Para a carreira de Endrick, já são dois, além da Nike. A rede de saúde bucal Odonto Company e o fantasy game Rei do Pitaco. Os dois têm três anos de duração. “Para um jogador de futebol, o da Odonto Company foi o contrato mais precoce da história”, disse Wolff. “E todos os patrocínios terão seu próprio storytelling.” O atleta, como é comum à maioria dos jogadores de futebol do Brasil, tem origem extremamente pobre. Nascido em Taguatinga (DF), foi apresentado a vários times grandes. O Palmeiras acabou levando porque ofereceu um emprego no serviço de limpeza do clube ao pai do então menino de 10 anos. Num almoço no refeitório da equipe, notaram que seu pai comia longe de todos. Por vergonha, já que tinha um grave problema nos dentes. “Juntar essa história pessoal com a marca Odonto Company leva para a relação comercial algo muito maior.”

MARCAS Adalberto Leister Filho é diretor de Conteúdo da agência Máquina do Esporte, think tank do setor esportivo. Para ele, com o atleta indo para o Real Madrid — o que deve acontecer apenas em 2024, quando completar 18 anos —, os futuros parceiros comerciais tendem a ser grifes de abrangência global. Até porque virá desse tipo de relação o rendimento dos superatletas. “Cada vez mais eles farão dinheiro vinculado a marcas e menos ao salário dos próprios clubes”, afirmou.

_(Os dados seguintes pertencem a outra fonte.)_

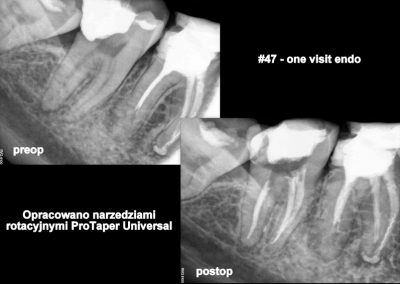 Leczenie kanałowe pod mikroskopem zęba 47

Wolff concorda. E nesse caminho é um dos pioneiros. Há 20 anos, concluiu o mestrado em mercado do futebol na Universidade de Liverpool. De volta ao Brasil, criou em 2006 a Wolff Sports, agência de marketing esportivo que mais fecha contratos no País. Nela, a gestão de imagem de atletas é braço recente. Há outras três frentes, divididas em plataformas de negócios. Na primeira, ele faz o trabalho que chama de taylor made. Entende o que uma marca busca ao querer se vincular ao mundo esportivo e decide para ela a melhor estratégia, o melhor caminho. Na segunda plataforma, faz aquisição de direitos em si — de um torneio até a publicidade num estádio. A terceira frente são os eventos próprios, como a Ladies Cup (futebol feminino) e o Praia de Paulista (beach tennis). A operação de gestão de imagem de atletas é o quarto segmento. “E nele fazemos o business plan e um planejamento estratégico.” Como cabe a qualquer produto. Como cabe a qualquer atleta moderno.